AFAIK, based on public comment, both new-generation consoles support the equivilent of AMD's HSA -- that is, a single physical address space for CPU and GPU processes. This eliminates a lot of the overhead associated with shuffling less memory-or-compute-intensive processes over to the GPU from CPU-land.
Which isn't anything new in the console space; X360 you could fiddle with GPU visable memory from the CPU and on the PS3 the SPUs could touch both system and VRAM components with ease (and the GPU could pull from system, althought that was a bit slow). HSA might be Big News in the desktop world but aside from a bit of fiddling on startup with memory pages/addresses it's pretty old hat on the consoles.
None of which sidesteps the issues of going from SPUs to compute I mentioned;
- a single SPU could chew through plenty of work on it's own, but launch a work group on the GPU with less than 64 threads and whoops, there goes tons of ALU time on that CU and unless you launch multiple groups of multiples of 64 work units (or have enough work groups in flight on the CU) then you can't do latency hiding for memory access...
- which brings me to point 2; SPUs let you issue DMA requests from main to 'local' memory and then work there. The nice thing was you can kick off a number of these requests up front, do some ALU work and then wait until data turns up to continue getting effectively free ALU cycles. I've used this to great effect doing SH on the PS3 where as soon as possible I'd issue a DMA load for data before doing non-dependant ops so that, by the time I needed the data, it was loaded (or nearly loaded).
Which brings up a fun aspect of them; you knew you had X amount of memory to play with and could manage it how you wanted.
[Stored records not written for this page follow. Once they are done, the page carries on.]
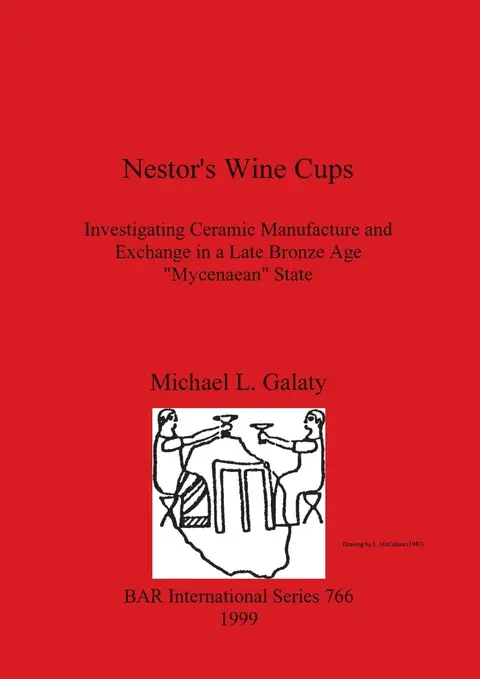 Cover of Nestor's Wine Cups
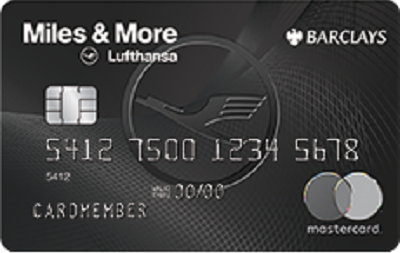 Barclays Lufthansa信用卡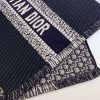 新色登場【ディオール】リバーシブル スカーフ スーパーコピー dex28577 - 画像 (6)
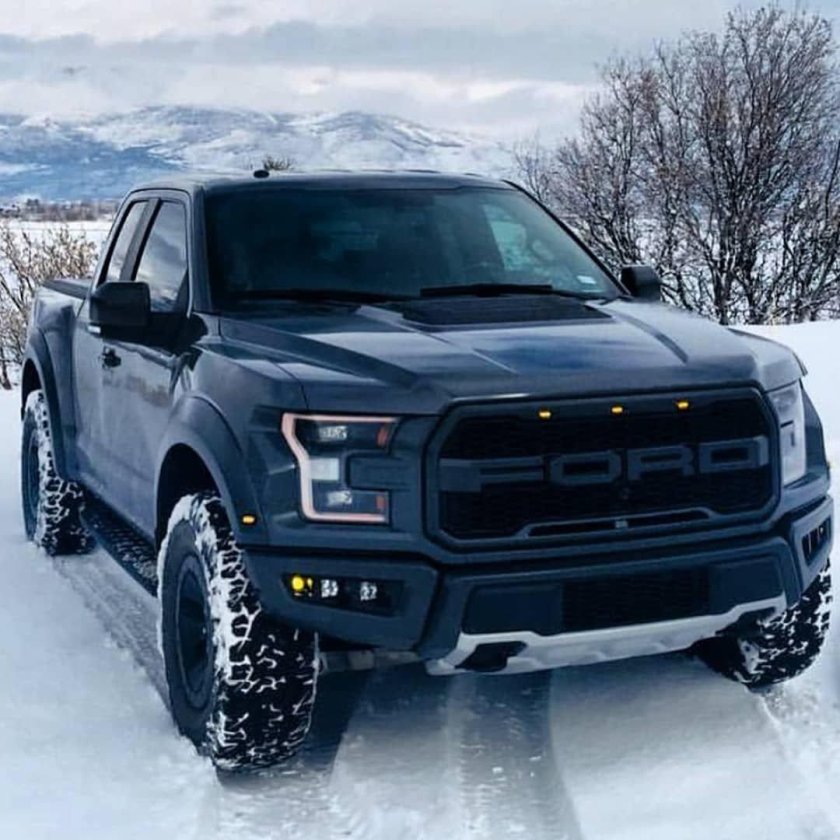 Ford f-150 Raptor джип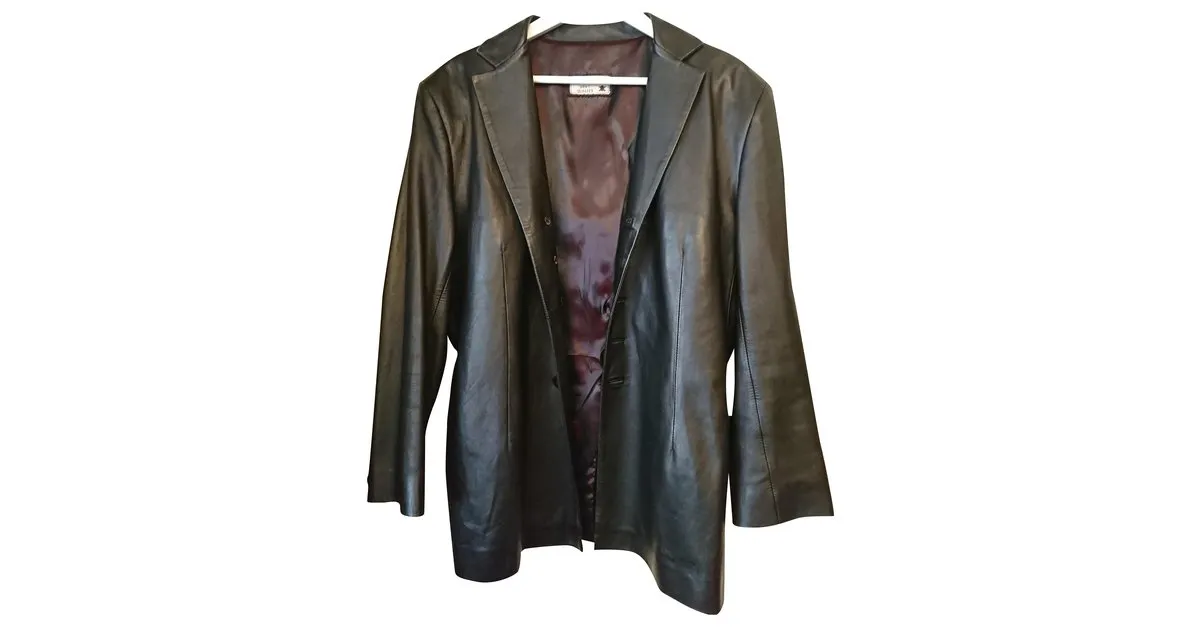 Autre Marque Blazers Chaquetas Negro 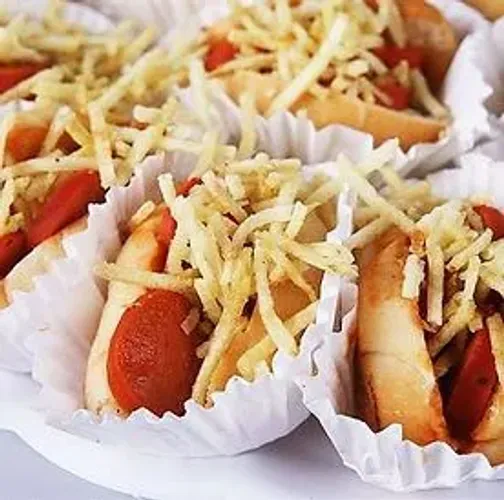 Barraquinha de Lanche para festa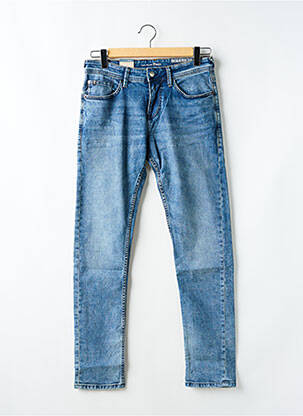 Blugi cu croială slim albastru TOM TAILOR bărbat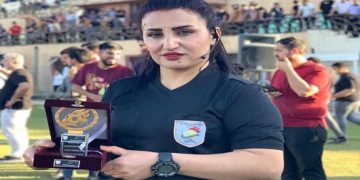 ژنە ناوبژیوانێکی کورد مێژووی تۆمار کرد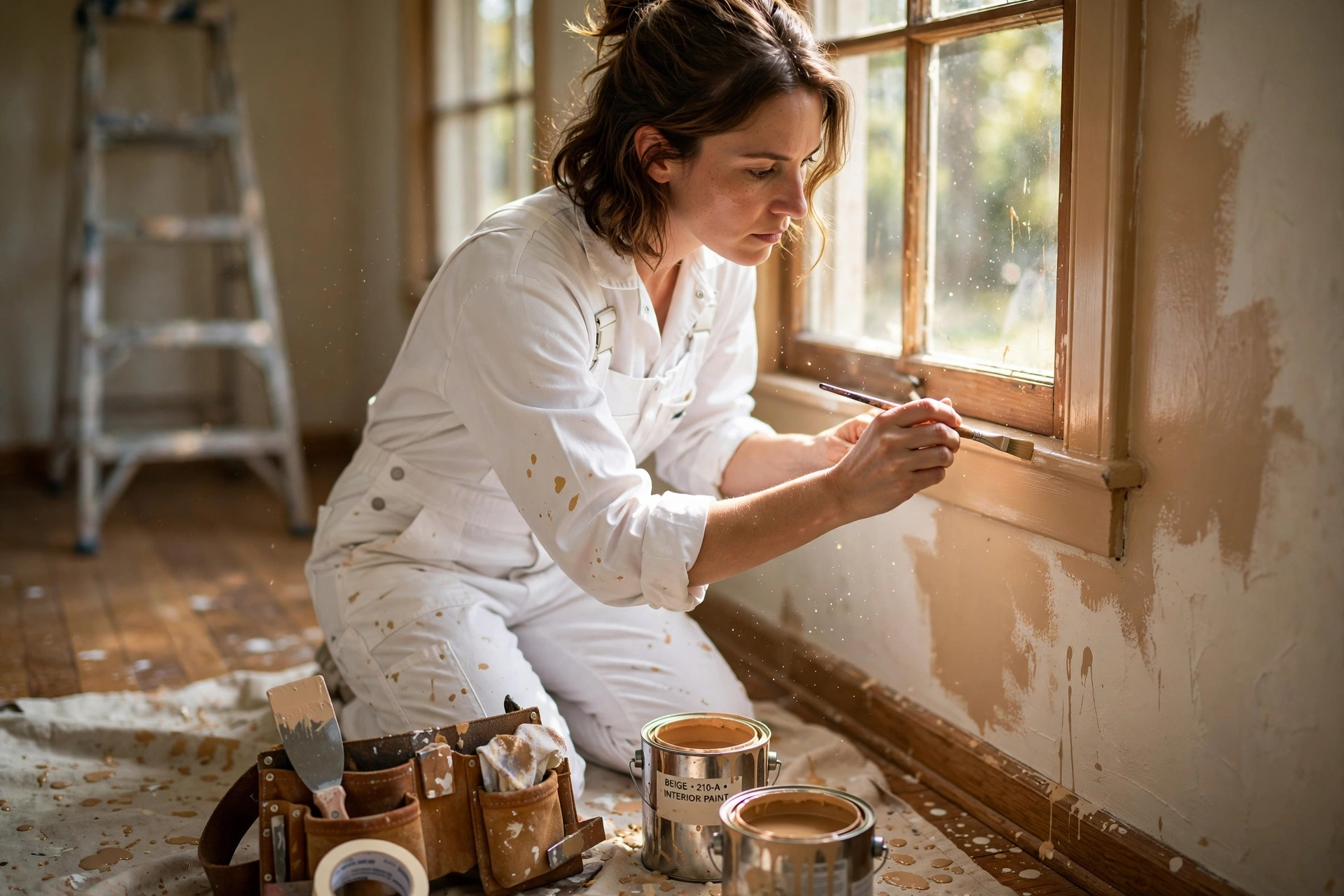 house painting interior painters explained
You could take advantage of memory space wrapping, alasing buffers over each other (I need this 8K now, but once I'm done I'll need 4K for something else, I've some time in between so I'll just reuse that chunk) and generally knowing what it is you want to do.
SPUs, while seeming complicated, where great things and as much as I'm a GPU Compute fan for large parallel workloads the fact is there are workloads just 'throwing it at the gpu' doesn't suit and something which is a halfway house between a CPU and GPU is perfectly suited.